1

How to find the available collective algorithm for Broadcast in Intel MPI.

In case of OpenMPI, we can list all the available MPI collective algorithm for Broadcast using

ompi_info --param coll tuned -l 9 | grep 'bcast algorithm

1. Binomial
2. Recursive doubling
3. Ring
4. Topology aware binomial
5. Topology aware recursive doubling
6. Topology aware ring
7. Shumilin's
8. Knomial
9. Topology aware SHM-based flat
10. Topology aware SHM-based Knomial
11. Topology aware SHM-based Knary
12. NUMA aware SHM-based (SSE4.2)
13. NUMA aware SHM-based (AVX2)
14. NUMA aware SHM-based (AVX512)

In case of Intel MPI, it only show the maximum number (range) of presets available for each collective operation.

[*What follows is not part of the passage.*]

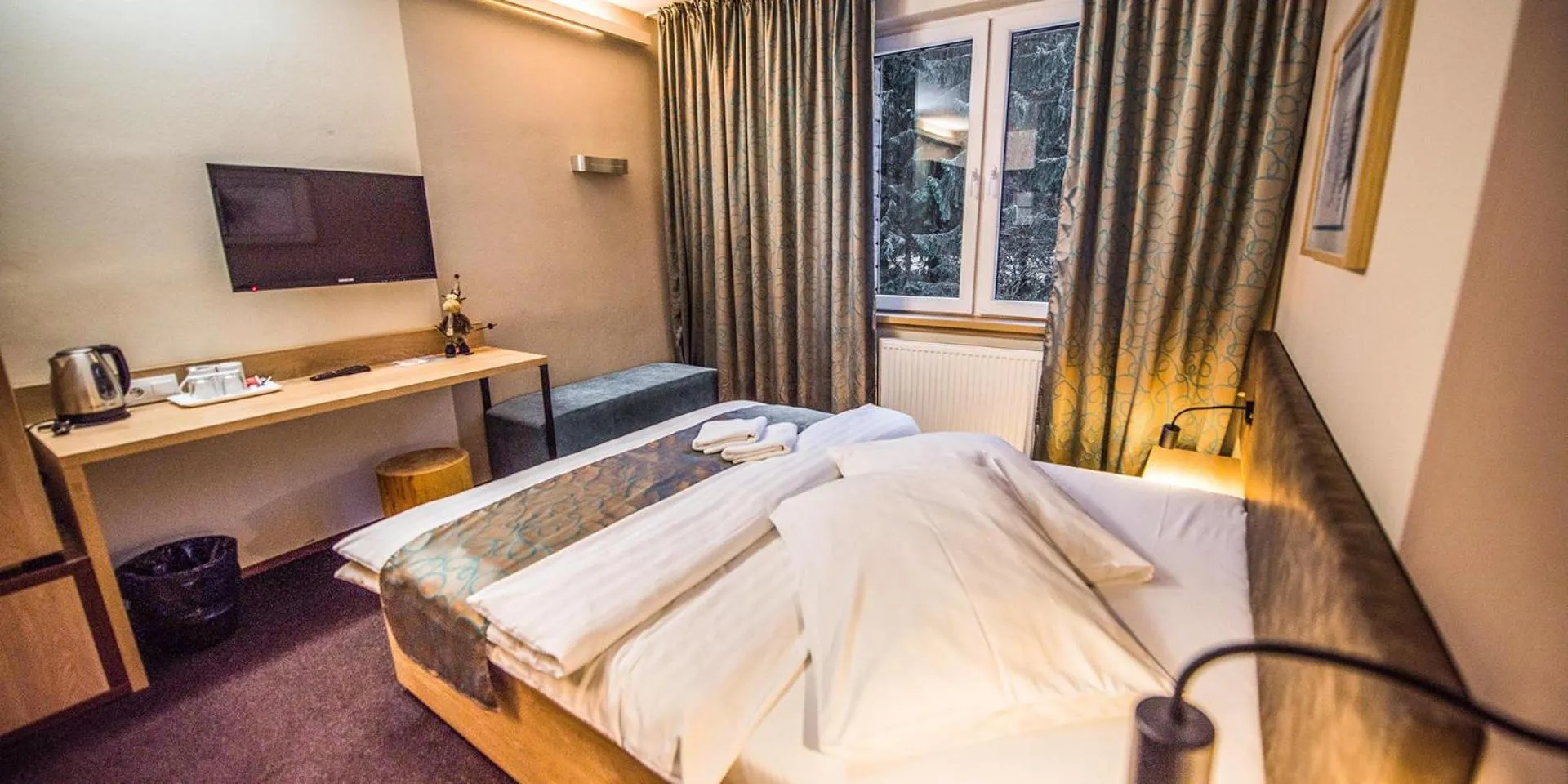 Photo of the whole room, Bed in Riverside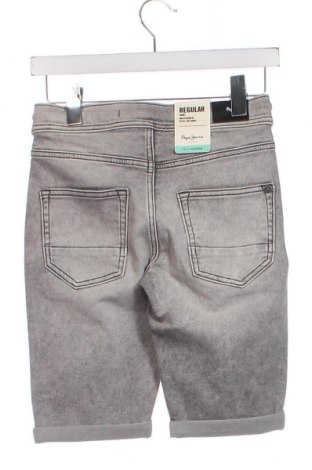 Detské krátke nohavice  Pepe Jeans, Veľkosť 9-10y/ 140-146 cm, Farba Sivá, Cena  35,05 €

impi_info -v I_MPI_ADJUST_BCAST

I_MPI_ADJUST_BCAST
  MPI Datatype:
    MPI_CHAR
  Description:
    Control selection of MPI_Bcast algorithm presets.
    Arguments
    <algid> - Algorithm identifier
    range: 0-18

Q) Is there any way to get all the algorithm for MPI_Bcast.(Even ompi_info --all does not show this information)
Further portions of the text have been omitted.